Advantages of In-Service Rollover
Broader investment choices, professional management, potential fee reduction, more retirement planning flexibility, ability to reposition before retirement while still employed and contributing.
Potential Drawbacks
Loses creditor protection advantages of 401(k) (varies by state), may lose access to certain 401(k)-only features (stable value funds, company stock NUA), requires plan to permit it, must be done as direct rollover to avoid taxes.
How to Execute an In-Service Rollover
Confirm Your Plan Allows It
Contact your HR department or plan administrator and ask whether your plan permits in-service rollovers for your age group. Ask specifically about employee contributions, employer contributions, and whether there are any restrictions on frequency or amount.
Open a Rollover IRA
If you don't already have an IRA at your chosen custodian, open one before initiating the rollover. At Dauble+Worthington, we use Axos Advisor Services as our custodian. We handle this step on your behalf as part of the onboarding process.
Request a Direct Rollover
Always use a direct rollover — the funds transfer directly from your 401(k) to your IRA custodian without passing through your hands. This avoids the mandatory 20% federal withholding that applies to indirect distributions. Specify "direct rollover" explicitly when completing the paperwork.
Determine How Much to Roll Over
You don't have to move everything. Many employees roll over a portion — say, the employee contribution portion — while leaving employer matching funds in the 401(k) until retirement. Your advisor can help you think through the right split based on your age, plan fees, investment goals, and how much flexibility you need.
Continue Contributing to Your 401(k)
After the rollover, continue making contributions to your 401(k) to capture any employer match. The rollover of your existing balance doesn't affect your ability to contribute going forward.
The After-Tax Contribution Opportunity
If your 401(k) plan allows after-tax (non-Roth) contributions above the standard pre-tax limit, there's a special in-service rollover opportunity worth knowing about: the mega backdoor Roth.
In 2025, the total 401(k) contribution limit (employee + employer) is $70,000. If your plan permits after-tax contributions and in-service distributions, you may be able to contribute after-tax dollars up to that limit, then roll those contributions (and their earnings) directly into a Roth IRA. The contribution itself transfers tax-free (you already paid tax on it); the earnings are taxable at rollover but then grow tax-free in the Roth forever.
This strategy is not available in all plans and has specific IRS requirements. It's one of the more complex areas of retirement planning — worth discussing with a financial advisor and tax professional before attempting.
The Creditor Protection Consideration
One genuine advantage of 401(k) plans over IRAs is creditor protection. Under federal law (ERISA), 401(k) assets are generally protected from creditors, including in bankruptcy. IRA protection varies by state — some states offer robust protection, others offer less.

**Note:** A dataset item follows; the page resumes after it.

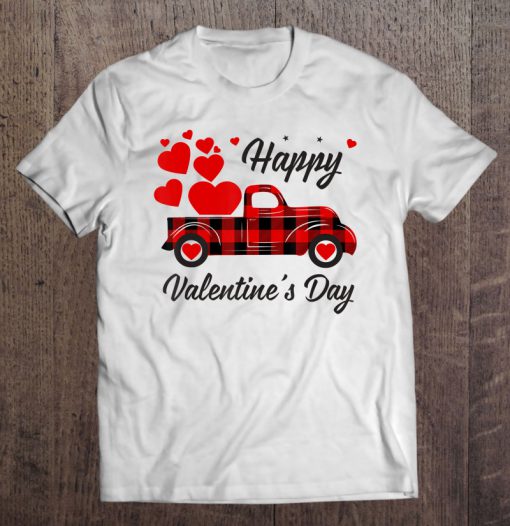 Happy Valentine’s Day Red Plaid Truck t shirt Ad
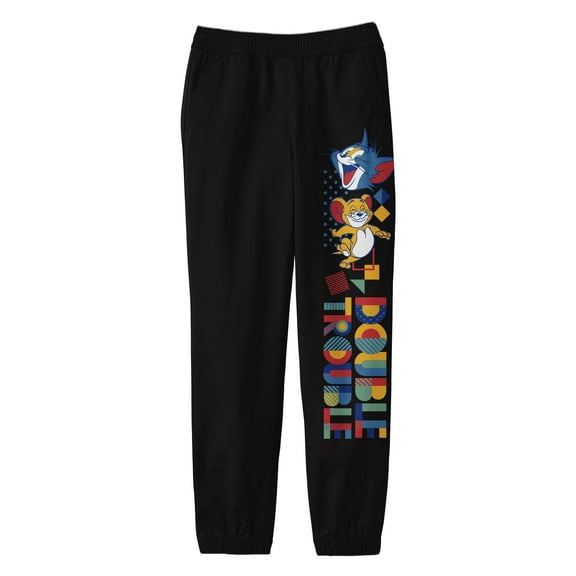 Tom & Jerry Building Block Tower Boy's Black Sweatpants-Medium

For most employees, this distinction is academic. But if you work in a profession with significant liability exposure, or if you have concerns about this issue, discuss it with an attorney before rolling over a large balance.
The Bottom Line
An in-service rollover is one of the least-known financial planning tools available to pre-retirees — and one of the most valuable when used correctly. If you're 59½ or older, still working, and sitting on a 401(k) with limited investment options or no advisory relationship, your plan may allow you to move a portion of that money to a professionally managed IRA right now — without leaving your job, without triggering taxes, and without losing your employer match on future contributions.
The first step is simply asking your plan administrator whether your plan permits it.